Work task => From the entries below, copy every line holding the word "working".

Data to examine =>
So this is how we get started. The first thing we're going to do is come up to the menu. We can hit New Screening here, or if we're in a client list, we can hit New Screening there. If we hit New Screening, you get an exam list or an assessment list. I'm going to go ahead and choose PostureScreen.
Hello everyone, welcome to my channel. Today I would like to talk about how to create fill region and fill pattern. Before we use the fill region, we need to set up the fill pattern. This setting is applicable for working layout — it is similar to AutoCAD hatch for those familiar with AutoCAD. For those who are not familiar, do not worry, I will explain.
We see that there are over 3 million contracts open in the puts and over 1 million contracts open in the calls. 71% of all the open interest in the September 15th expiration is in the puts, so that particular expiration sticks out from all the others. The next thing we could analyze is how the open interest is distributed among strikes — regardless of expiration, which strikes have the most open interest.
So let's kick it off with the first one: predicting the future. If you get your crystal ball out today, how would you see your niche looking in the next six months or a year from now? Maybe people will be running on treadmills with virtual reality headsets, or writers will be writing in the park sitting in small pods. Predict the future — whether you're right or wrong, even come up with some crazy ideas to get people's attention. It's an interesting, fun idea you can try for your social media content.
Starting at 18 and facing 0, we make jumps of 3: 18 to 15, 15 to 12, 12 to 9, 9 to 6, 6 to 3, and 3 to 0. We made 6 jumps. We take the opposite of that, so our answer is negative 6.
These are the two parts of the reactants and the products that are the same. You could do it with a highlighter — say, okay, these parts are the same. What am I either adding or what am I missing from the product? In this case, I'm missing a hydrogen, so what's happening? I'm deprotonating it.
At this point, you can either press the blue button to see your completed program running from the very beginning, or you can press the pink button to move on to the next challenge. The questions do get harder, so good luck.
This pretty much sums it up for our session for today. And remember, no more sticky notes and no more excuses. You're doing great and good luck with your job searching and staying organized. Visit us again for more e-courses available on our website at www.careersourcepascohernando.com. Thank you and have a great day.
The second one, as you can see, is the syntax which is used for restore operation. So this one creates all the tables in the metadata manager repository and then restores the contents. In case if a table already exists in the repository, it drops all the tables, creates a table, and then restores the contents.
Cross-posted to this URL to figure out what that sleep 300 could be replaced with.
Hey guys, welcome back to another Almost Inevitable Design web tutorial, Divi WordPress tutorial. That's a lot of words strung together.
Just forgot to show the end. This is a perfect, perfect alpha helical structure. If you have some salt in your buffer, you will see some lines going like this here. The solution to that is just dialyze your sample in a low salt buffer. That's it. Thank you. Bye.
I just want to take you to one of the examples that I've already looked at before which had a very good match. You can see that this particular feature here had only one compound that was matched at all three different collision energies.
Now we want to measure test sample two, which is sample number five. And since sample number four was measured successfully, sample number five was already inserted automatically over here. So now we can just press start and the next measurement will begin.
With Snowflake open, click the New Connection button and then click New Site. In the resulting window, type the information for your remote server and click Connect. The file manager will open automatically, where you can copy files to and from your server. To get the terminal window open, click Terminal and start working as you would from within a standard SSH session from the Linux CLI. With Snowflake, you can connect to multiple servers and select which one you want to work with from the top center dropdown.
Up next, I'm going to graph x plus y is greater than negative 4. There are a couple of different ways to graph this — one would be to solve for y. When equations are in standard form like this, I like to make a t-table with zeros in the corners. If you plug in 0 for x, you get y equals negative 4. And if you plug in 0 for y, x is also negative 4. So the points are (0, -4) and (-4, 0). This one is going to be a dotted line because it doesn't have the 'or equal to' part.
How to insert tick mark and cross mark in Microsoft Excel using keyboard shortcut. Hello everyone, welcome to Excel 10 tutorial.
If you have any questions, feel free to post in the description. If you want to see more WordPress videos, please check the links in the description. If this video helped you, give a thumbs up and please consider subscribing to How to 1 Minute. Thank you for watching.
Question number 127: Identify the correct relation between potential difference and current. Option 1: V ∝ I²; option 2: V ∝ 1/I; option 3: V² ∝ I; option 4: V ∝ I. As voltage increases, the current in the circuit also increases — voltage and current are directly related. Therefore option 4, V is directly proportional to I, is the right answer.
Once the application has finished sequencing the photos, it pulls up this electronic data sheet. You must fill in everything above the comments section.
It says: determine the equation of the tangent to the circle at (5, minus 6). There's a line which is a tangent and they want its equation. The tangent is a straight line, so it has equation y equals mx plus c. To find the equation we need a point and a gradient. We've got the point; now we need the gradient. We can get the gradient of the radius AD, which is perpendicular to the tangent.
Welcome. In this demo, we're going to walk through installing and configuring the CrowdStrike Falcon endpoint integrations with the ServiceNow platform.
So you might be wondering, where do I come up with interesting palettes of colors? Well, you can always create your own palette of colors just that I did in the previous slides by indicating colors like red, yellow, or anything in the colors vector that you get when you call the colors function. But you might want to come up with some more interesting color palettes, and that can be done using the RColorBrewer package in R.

Response to the exercise =>
Hello everyone, welcome to my channel. Today I would like to talk about how to create fill region and fill pattern. Before we use the fill region, we need to set up the fill pattern. This setting is applicable for working layout — it is similar to AutoCAD hatch for those familiar with AutoCAD. For those who are not familiar, do not worry, I will explain.
With Snowflake open, click the New Connection button and then click New Site. In the resulting window, type the information for your remote server and click Connect. The file manager will open automatically, where you can copy files to and from your server. To get the terminal window open, click Terminal and start working as you would from within a standard SSH session from the Linux CLI. With Snowflake, you can connect to multiple servers and select which one you want to work with from the top center dropdown.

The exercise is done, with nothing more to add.